Ce candidat, il faut que ce soit elle. Bien sûr, il y a les primaires programmées et tout membre du Parti socialiste ne peut être que candidat à l'investiture. Mais justement Martine Aubry ne l'est même pas, à la différence de Ségolène Royal, de François Hollande et de Manuel Valls. Cette réserve, ce retrait ne peuvent plus durer.
Pour au moins trois raisons.
La première raison est que Martine Aubry est la mieux placée pour rassembler la gauche et la faire gagner. Son élection au premier secrétariat du PS a pu être contestée mais elle était de toute logique politique puisqu'elle réalisait la synthèse entre l'aile droite strauss-khanienne et l'aile gauche hamoniste. La façon dont Martine Aubry a mené la bataille des Régionales, ses prestations dans les émissions politiques, ses discours dans les meetings, son dialogue avec les autres dirigeants de gauche ont assuré la victoire des forces progressistes et l'ont fait reconnaître par tous comme le chef de l'opposition. Ce chef de l'opposition a su aussi être le porte-voix au sein de la classe politique du grand mouvement social de protestation contre la réforme des retraites.

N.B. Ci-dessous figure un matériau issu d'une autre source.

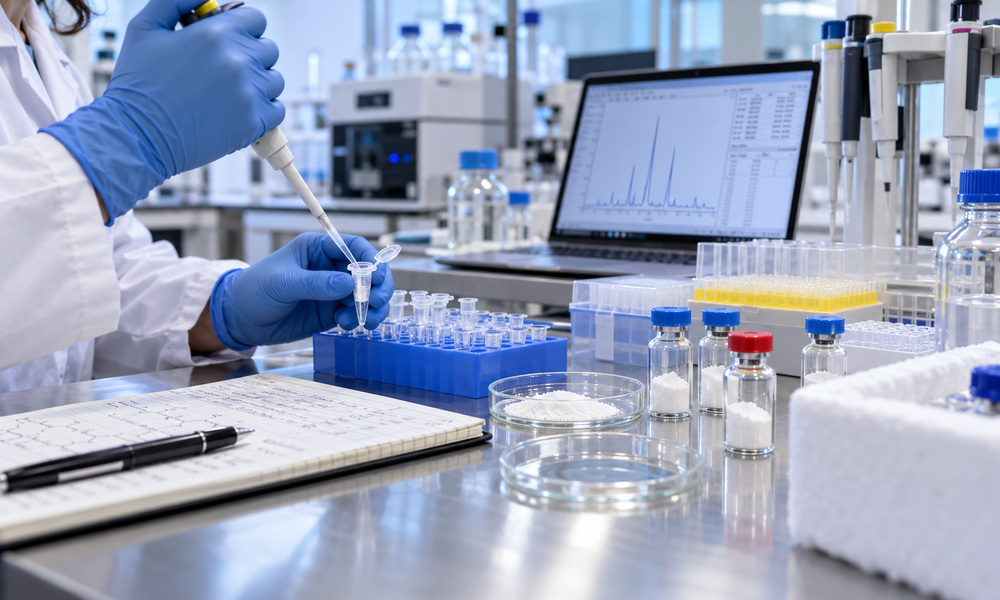 What is bpc-157 — scientific article illustration of biochem lab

Mais ce n'est pas seulement parce qu'elle est la meilleure candidate que Martine Aubry doit se déclarer. C'est parce qu'elle est attendue, parce qu'elle manque. Les socialistes, au-delà d'eux les sympathisants de gauche, au-delà d'eux encore tous ceux qui, tout en refusant la droite extrême, ne veulent plus du sarkozysme ou d'un social-libéralisme qui lui ressemblerait, ont besoin d'une personne maintenant, d'un nom autour duquel se rassembler. Ils en ont marre de voir l'immense espoir du changement dont ils sont les premiers moteurs déconsidéré, moqués parce qu'ils sont incapables d'énoncer avec assurance le nom de celui ou de celle qui va le porter demain. Eh quoi ! Ils ont un programme : le meilleur certainement entre le souhaitable et le possible. Ils ont une femme de trempe pour le défendre. Et cette femme se refuse encore à dire qu'elle veut le porter aux présidentielles !

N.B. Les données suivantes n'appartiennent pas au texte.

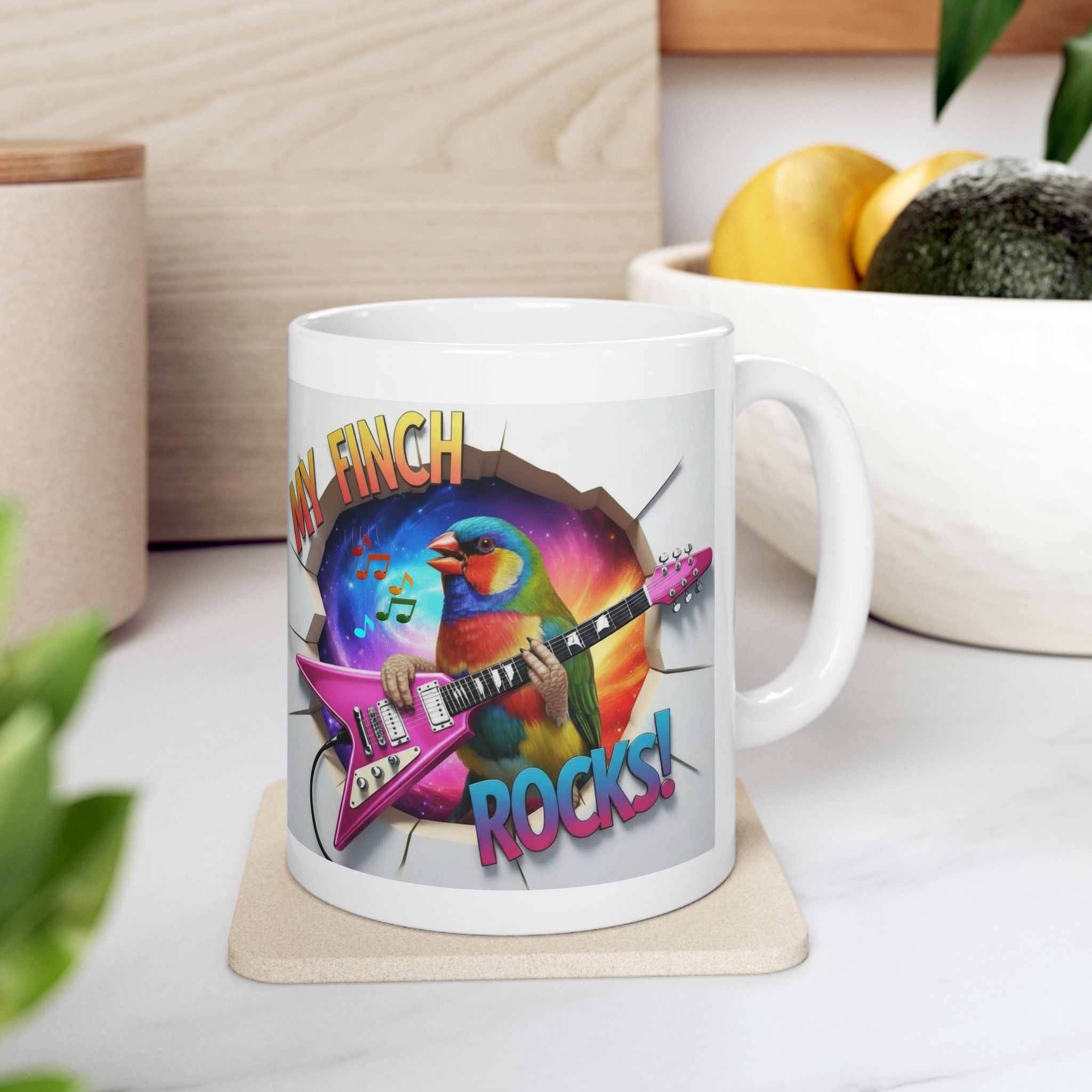 My Finch Rocks Guitar Mug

La société des medias est impitoyable et la langue du peuple n'est pas tendre. En tardant, Martine Aubry ne peut que se déconsidérer. Si justes que soient ses mobiles profonds, on ne retiendra que les mauvaises apparences. Une roublardise de tacticienne peut-être. Une coquetterie mal à propos. La peur d'un engagement qui semblait avoir déjà freiné son père. La crainte d'être la cible choisie d'attaques sans pitié, ni décence.
Ces attaques-là il est vrai, on les sent bien venir. Au moment où la voix de la France est molle et cafouilleuse, Martine Aubry clame-t-elle que l'on doit donner raison aux peuples arabes de se révolter contre leurs didacteurs : on l'accuse de saboter la diplomatie française. Fait-elle un lapsus sur un mot, on s'en empare pour y trouver matière à des articles. Présente-t-elle à l'écran, avec rigueur et pertinence, la critique des socialistes face aux manoeuvres remaniantes de Sarkozy, on ne considère que le taux d'audience de l'émission où elle intervient, on fait le compte de ses sourires, on recule jusqu'à la sottise les limites de la frivolité. Mais si les professionnels de l'attaque mesquine s'en donnent à coeur joie, l'opinion populaire laissée à sa frustration se lasse : Martine Aubry baisse dans les sondages.

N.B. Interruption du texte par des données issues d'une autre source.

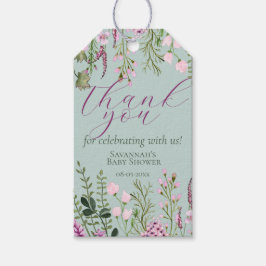 Waterverf weide wilde bloemen Floral Hartelijk dan Cadeaulabel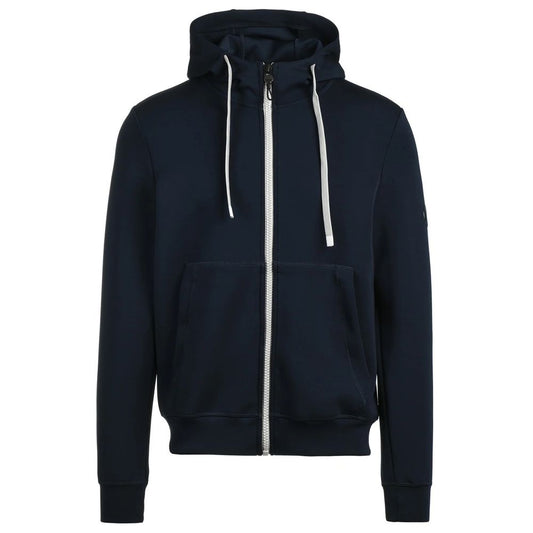 Sleek Blue Technical Fabric Hoodie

Martine Aubry, vous devez le savoir, c'est l'espoir de la gauche qui baisse aussi. Vous avez été en ce siècle l'artisan de son unité et d'une première victoire. Sans vous, je crains fort qu'elle s'entredéchire, cherchant en vain une légitimité qui s'impose. Les primaires socialistes ne sont pas avant six mois et les présidentielles déjà dans quatorze. Il faut qu'on puisse savoir dès maintenant que vous voulez y être.